The stats aren't as bad as Martin made them out to be, but they're still not encouraging. Alabama's defense allowed seven runs of 20 or more yards in its 13 games, and only one of those went for 30 or more. Alabama is the only FBS defense against which opponents averaged under 80 yards rushing per game, and only three teams rushed for over 100 yards against the Tide this season.
Two of those teams -- LSU and Texas A&M -- needed 49 and 46 rushing plays to eclipse the century mark. Georgia, behind a physical, fast back in Todd Gurley, ran 29 times for 113 yards in the SEC title game, good for a 3.9 yards-per-carry average. That's the highest Alabama allowed in its 13 games.
"They don’t give up squat running, and we know that," Martin quipped.
But Theo Riddick and Cierre Wood proved to be more than capable as a running back duo over Notre Dame's regular season. It was Riddick who pounded USC's defense to help push the Irish into the BCS Championship, and Wood's 62-yard touchdown dash against Oklahoma helped set the tone for the arguably Notre Dame's biggest win of the season.
Just because Alabama doesn't give up much on the ground, though, doesn't mean the Irish will eschew the run. There's still a balance to be fostered, while Riddick and Wood are good enough for the Irish to succeed against even the best of the run-stoppers.

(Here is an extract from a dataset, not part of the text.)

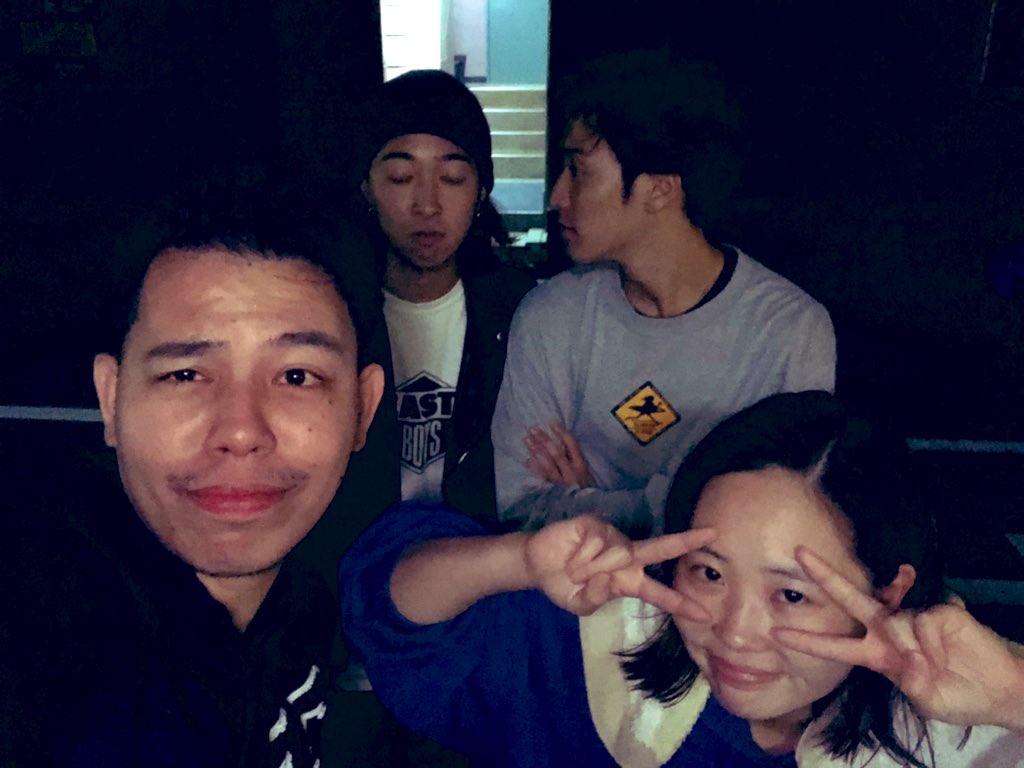 Rovinzgc04's tweet photo. Best feeling ever being surrounded by these crazy pips. Thank you for meeting me up ^^ π΅πππ―π΅ #backtorealitysoon #missingyouguys #teampakganern https://t.co/W0l8mZ10dQ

Regardless, Martin and Notre Dame are preparing for Everett Golson to have to make the game-changing plays that have often fallen on the shoulders of Riddick and Wood. Golson's no stranger to those, either -- his 50-yard completion to Chris Brown against Oklahoma certainly falls into that category -- and he's played on plenty of big stages already.
"I’m not the type that really succumbs to pressure, I guess. I don’t think any moment’s bigger than what it is," Golson said. "For me, it’s about that game that’s played between (the lines). It’s not necessarily about everything that’s going on around it. At the end of the day, it’s about playing Jan. 7 at Alabama."
And make no mistake, Golson's still in the midst of a massive learning process. But as has been the case in plenty of Notre Dame's games, he may not have to do everything right -- just enough to secure a win.
"If we win this game 3-2, we’re good," Martin said. "And that’s been the way we’ve been all year."